Belizean general election, 1984
Belize
← 1979 14 December 1984 1989 →

All 28 seats in the Belize House of Representatives (including 10 new seats)
  First party Second party
  Manuel Esquivel George Cadle Price
Leader Manuel Esquivel George Cadle Price
Party UDP PUP
Leader since 1983 1956
Leader's seat Senate
candidate in Caribbean Shores
Freetown (lost seat)
Last election 5 seats 13 seats
Seats won 21 seats 7 seats
Seat change Increase16 Decrease6
Popular vote 25,756 20,961
Percentage 54.1% 44.0%
Swing Increase6.7 Decrease8.4

Prime Minister before election

George Cadle Price
PUP

Subsequent Prime Minister

Manuel Esquivel
UDP


George Cadle Price
PUP

Manuel Esquivel
UDP

General elections were held in Belize on 14 December 1984. The result was a victory for the opposition United Democratic Party, which won 21 of the 28 seats. Voter turnout was 75.0%.

The election was the first in Belize since it achieved full independence from the United Kingdom in 1981. In its more than 30 years of existence the ruling People's United Party had never lost an election at the national level, whilst the opposition had never won more than six seats (out of a possible eighteen in 1974). However, by 1984 the PUP were presiding over an economy in recession and that had just recently been bailed out by the IMF. The party was internally fractured and faced a United Democratic Party that had made significant gains since losing the last general election in 1979. Senator Manuel Esquivel – who Prime Minister George Price defeated in his own House constituency in 1979 – became UDP leader in December 1983.

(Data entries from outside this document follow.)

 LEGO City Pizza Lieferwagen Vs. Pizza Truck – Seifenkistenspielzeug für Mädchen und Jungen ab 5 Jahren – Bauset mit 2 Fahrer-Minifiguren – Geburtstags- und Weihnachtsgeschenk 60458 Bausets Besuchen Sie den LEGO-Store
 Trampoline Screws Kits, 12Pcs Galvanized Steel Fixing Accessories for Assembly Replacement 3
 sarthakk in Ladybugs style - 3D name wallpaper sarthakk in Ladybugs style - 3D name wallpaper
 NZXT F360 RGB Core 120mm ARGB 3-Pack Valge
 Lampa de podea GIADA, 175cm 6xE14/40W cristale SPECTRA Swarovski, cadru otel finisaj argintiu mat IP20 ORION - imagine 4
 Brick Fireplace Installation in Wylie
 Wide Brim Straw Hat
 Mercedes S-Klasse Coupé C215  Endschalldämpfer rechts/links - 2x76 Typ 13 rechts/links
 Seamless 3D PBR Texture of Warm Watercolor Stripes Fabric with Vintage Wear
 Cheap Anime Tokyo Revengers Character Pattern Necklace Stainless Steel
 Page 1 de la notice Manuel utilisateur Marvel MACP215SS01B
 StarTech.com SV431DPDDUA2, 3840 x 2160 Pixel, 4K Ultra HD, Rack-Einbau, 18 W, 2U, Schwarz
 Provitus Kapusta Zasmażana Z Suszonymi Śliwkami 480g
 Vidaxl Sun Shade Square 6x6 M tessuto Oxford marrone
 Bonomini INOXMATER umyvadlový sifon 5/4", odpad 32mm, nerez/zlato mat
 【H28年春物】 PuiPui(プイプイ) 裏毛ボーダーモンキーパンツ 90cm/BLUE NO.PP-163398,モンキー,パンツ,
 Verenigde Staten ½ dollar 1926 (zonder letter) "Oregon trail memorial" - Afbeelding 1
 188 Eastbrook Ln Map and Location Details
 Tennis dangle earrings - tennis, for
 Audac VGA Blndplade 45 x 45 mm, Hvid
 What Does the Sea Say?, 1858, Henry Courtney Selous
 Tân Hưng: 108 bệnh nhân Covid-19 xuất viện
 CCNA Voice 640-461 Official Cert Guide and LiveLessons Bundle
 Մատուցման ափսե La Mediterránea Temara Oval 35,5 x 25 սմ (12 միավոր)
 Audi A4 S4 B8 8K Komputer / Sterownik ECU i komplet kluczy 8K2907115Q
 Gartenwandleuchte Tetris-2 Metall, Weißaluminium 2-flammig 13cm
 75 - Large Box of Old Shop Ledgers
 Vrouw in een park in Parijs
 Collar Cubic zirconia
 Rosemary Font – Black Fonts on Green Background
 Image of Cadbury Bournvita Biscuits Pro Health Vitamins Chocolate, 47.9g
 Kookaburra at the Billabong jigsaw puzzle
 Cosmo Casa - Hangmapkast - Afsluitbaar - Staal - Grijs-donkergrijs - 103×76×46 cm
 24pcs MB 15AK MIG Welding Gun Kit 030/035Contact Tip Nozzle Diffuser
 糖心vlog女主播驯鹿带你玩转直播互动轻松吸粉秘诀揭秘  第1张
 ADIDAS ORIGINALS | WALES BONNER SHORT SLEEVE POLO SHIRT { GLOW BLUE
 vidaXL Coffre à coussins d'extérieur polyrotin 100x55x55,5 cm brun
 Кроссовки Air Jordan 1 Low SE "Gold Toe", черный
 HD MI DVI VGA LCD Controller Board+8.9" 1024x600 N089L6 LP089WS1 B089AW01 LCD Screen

Just a few months before the election, Price ordered a redistricting of electoral boundaries. This created 10 new constituencies for a total of 28, but the majority were upset because of claims that the PUP drew the boundaries with victory in mind. Esquivel was elected in the newly created Caribbean Shores House constituency, while Price himself was defeated in his Freetown constituency after over 30 years of continuous service in the Belize House of Representatives and its predecessors. Esquivel succeeded Price as prime minister to become the first non-PUP leader in the nation's history. Price continued to lead the PUP from outside the National Assembly while Florencio Marin became Leader of the Opposition.